| Work required |
From the line containing "QR CODE 868" to the last line below, retype everything word for word.

| Dataset content |
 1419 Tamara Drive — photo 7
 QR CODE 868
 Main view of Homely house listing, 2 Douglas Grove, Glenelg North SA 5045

| Expected answer |
 QR CODE 868
 Main view of Homely house listing, 2 Douglas Grove, Glenelg North SA 5045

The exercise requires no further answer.